Empire: Total War introduces a host of revolutionary new features, including true 3D naval combat. For the first time in the Total War series, you will be able to intuitively command single ships or vast fleets upon seascapes rich with extraordinary water and weather effects that play a huge role in your eventual glorious success or ignominious defeat. After pummelling your enemy with cannon fire, close in to grapple their ship and prepare to board, taking control of your men as they fight hand-to-hand on the decks of these wooden behemoths.
In addition, Empire: Total War will see further enhancements to the Total War series’ signature 3D battles and turn-based campaign map. Real-time battles will pose new challenges with the addition of cannon and musket, challenging players to master new formations and tactics as a result of the increasing role of gunpowder within warfare.
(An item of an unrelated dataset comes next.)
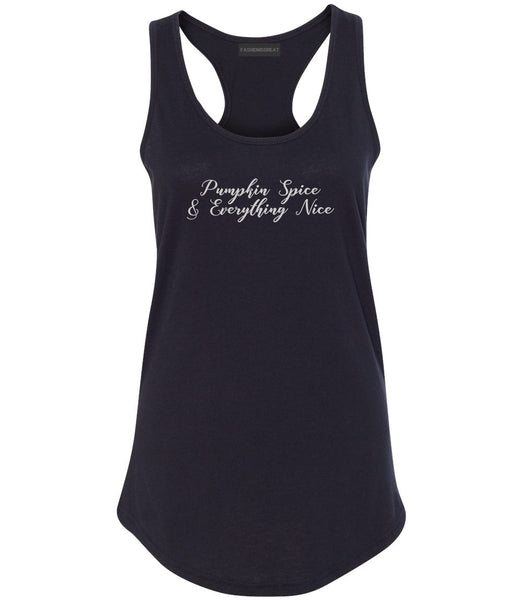 Pumpkin Spice And Everything Nice Black Racerback Tank Top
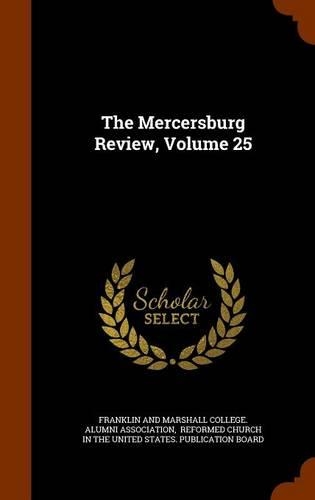 The Mercersburg Review, Volume 25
And the Campaign Map — for many, the heart of Total War — introduces a variety of new and upgraded elements, including new systems for Trade, Diplomacy and Espionage with agents; a refined and streamlined UI; improved Advisors; and a vastly extended scope, taking in the riches of India, the turbulence of Europe and, for the first time, the untapped potential of the United States of America.
- Take command on the high seas. New real-time 3D naval warfare takes Total War's unparalleled battle action to the high seas, with players commanding single ships or vast fleets.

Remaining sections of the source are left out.